Restate word for word the entries below, starting with the line with "Air Force Falcons" and continuing through the line with "Penny Market Tyčinky Havlík nabídka". Include both of those lines and no others.

→ DATA SECTION:
______

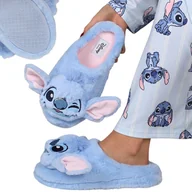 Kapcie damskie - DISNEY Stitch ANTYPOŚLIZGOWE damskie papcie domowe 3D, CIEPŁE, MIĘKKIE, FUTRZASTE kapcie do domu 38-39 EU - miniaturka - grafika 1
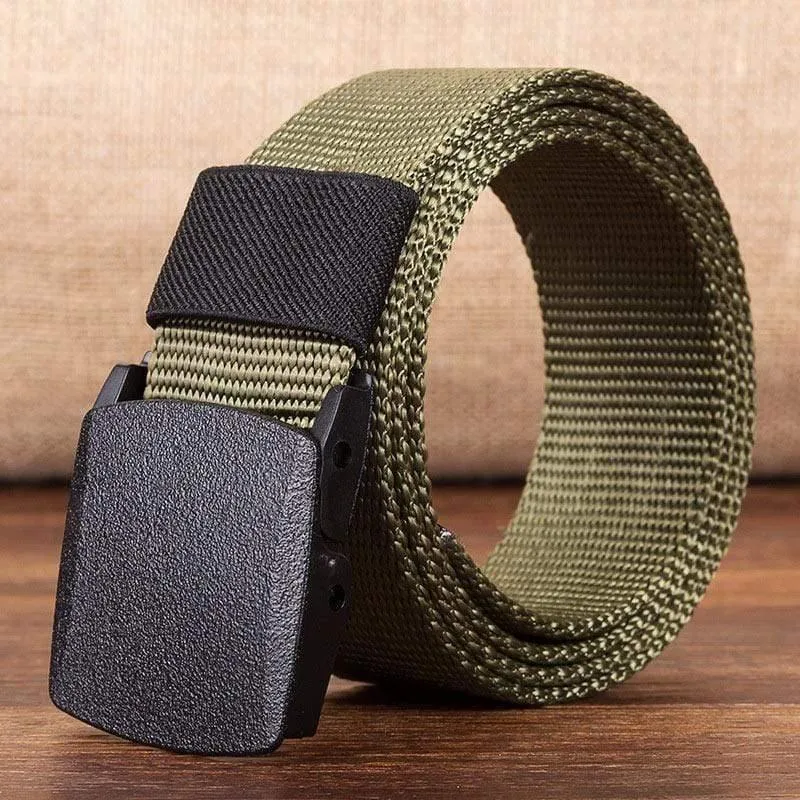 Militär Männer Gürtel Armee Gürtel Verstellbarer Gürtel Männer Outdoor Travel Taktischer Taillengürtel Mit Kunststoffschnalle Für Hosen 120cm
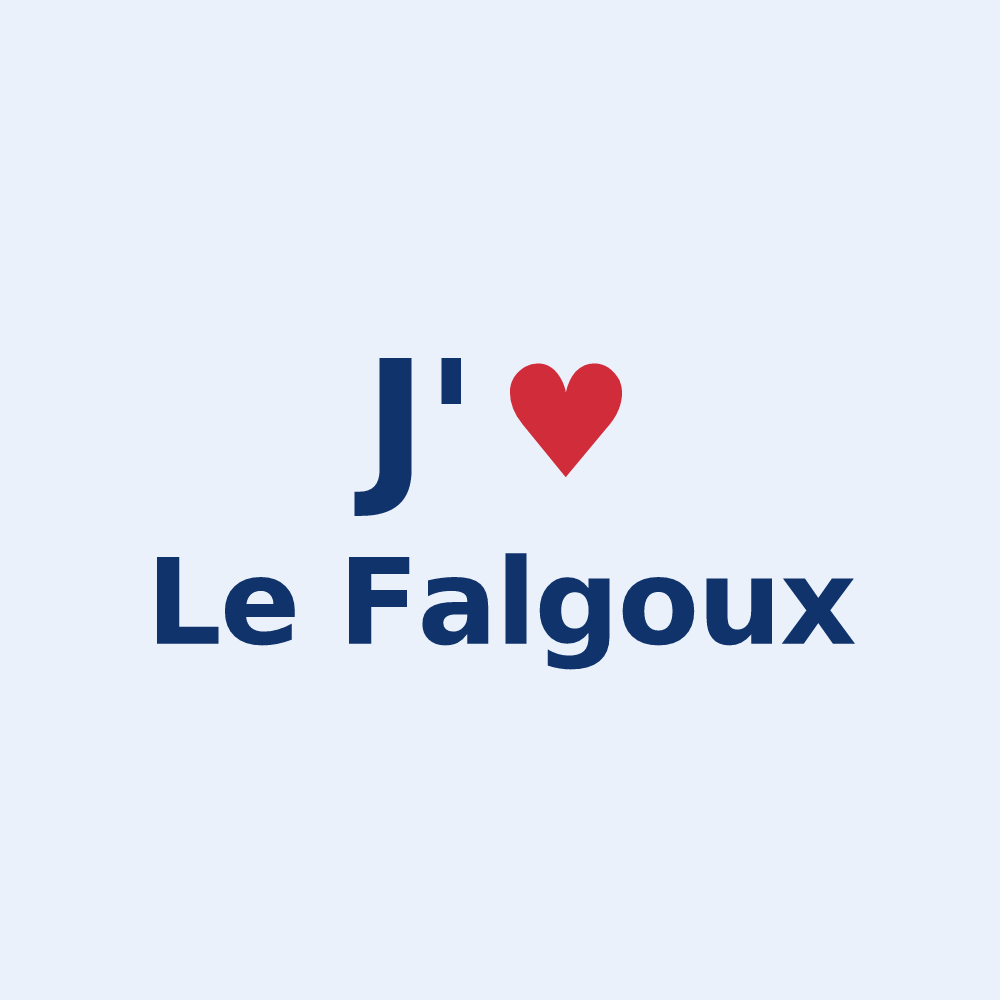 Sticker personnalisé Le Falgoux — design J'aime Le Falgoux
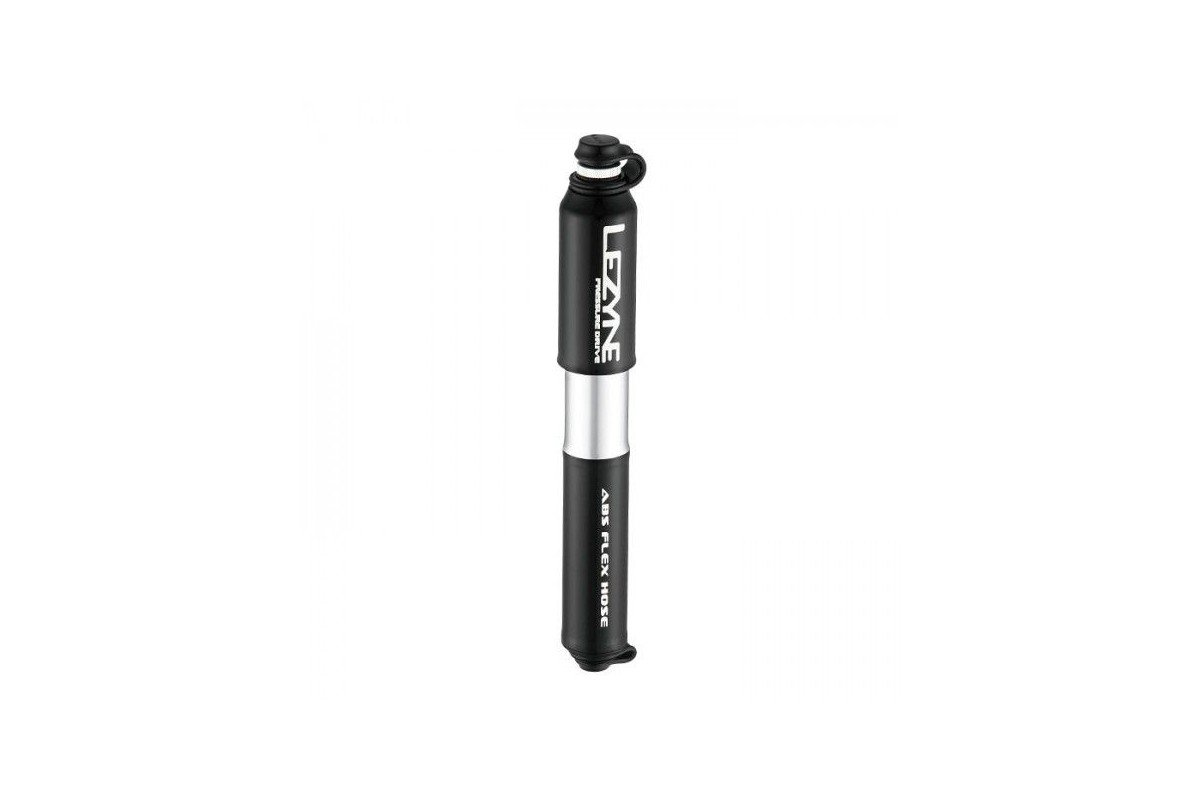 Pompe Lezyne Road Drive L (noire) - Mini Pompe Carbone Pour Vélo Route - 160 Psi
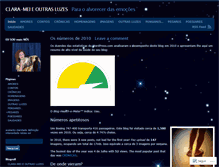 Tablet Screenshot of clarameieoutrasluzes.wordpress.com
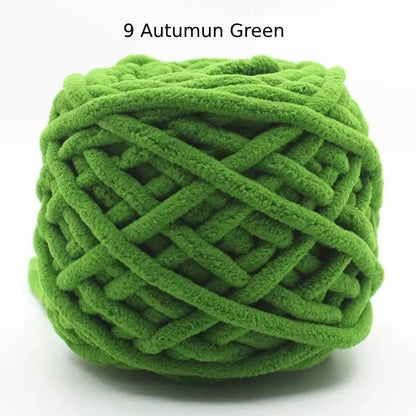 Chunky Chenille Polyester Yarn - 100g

______

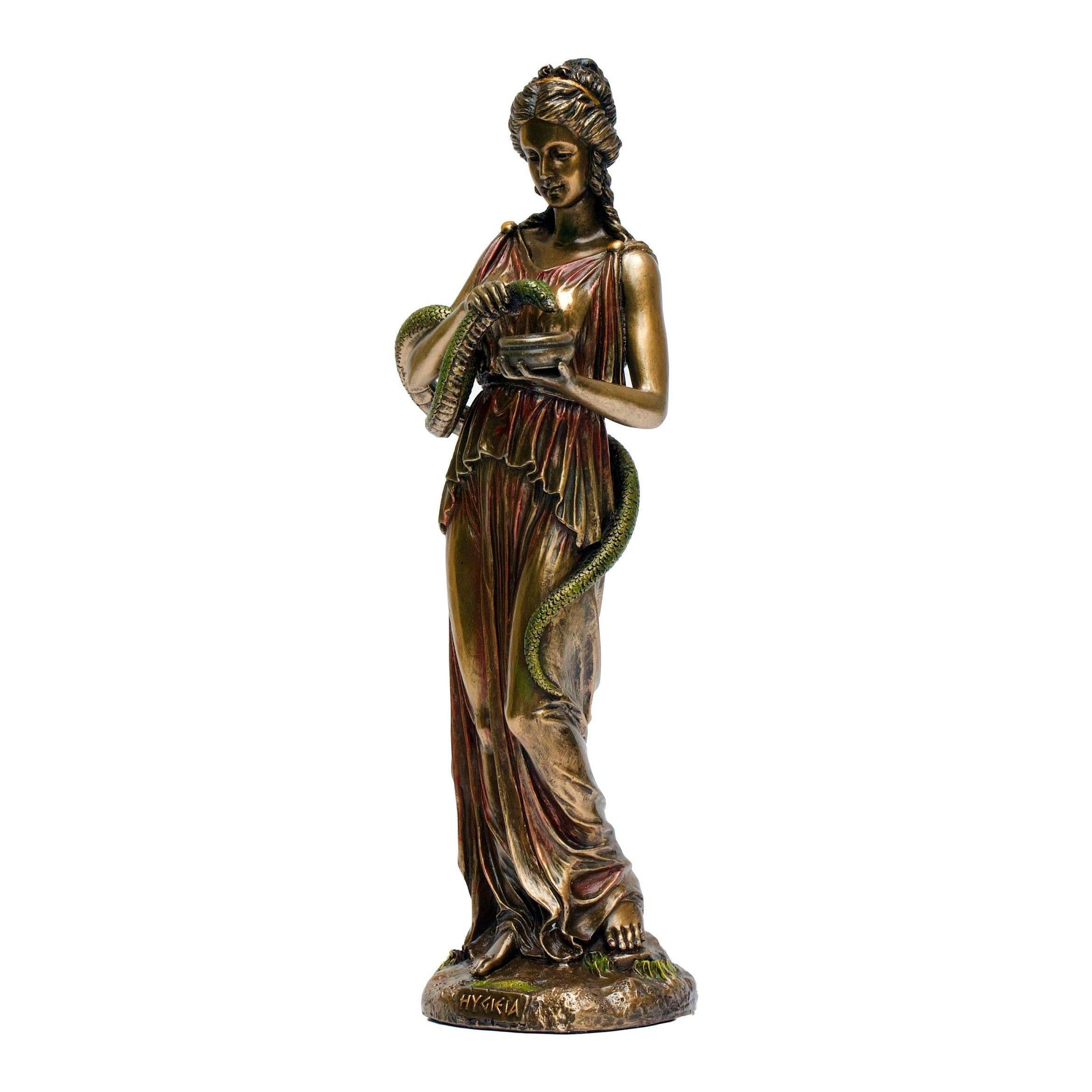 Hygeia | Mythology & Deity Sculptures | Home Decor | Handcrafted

______

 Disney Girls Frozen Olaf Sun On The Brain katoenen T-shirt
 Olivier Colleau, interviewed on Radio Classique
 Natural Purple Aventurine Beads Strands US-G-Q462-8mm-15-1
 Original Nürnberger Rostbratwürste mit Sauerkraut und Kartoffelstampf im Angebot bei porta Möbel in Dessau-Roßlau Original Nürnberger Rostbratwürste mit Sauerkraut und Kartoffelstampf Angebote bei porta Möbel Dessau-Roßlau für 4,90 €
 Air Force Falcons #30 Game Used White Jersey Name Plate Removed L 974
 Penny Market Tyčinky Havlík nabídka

______

→ RESULT OF THIS EXERCISE:
 Air Force Falcons #30 Game Used White Jersey Name Plate Removed L 974
 Penny Market Tyčinky Havlík nabídka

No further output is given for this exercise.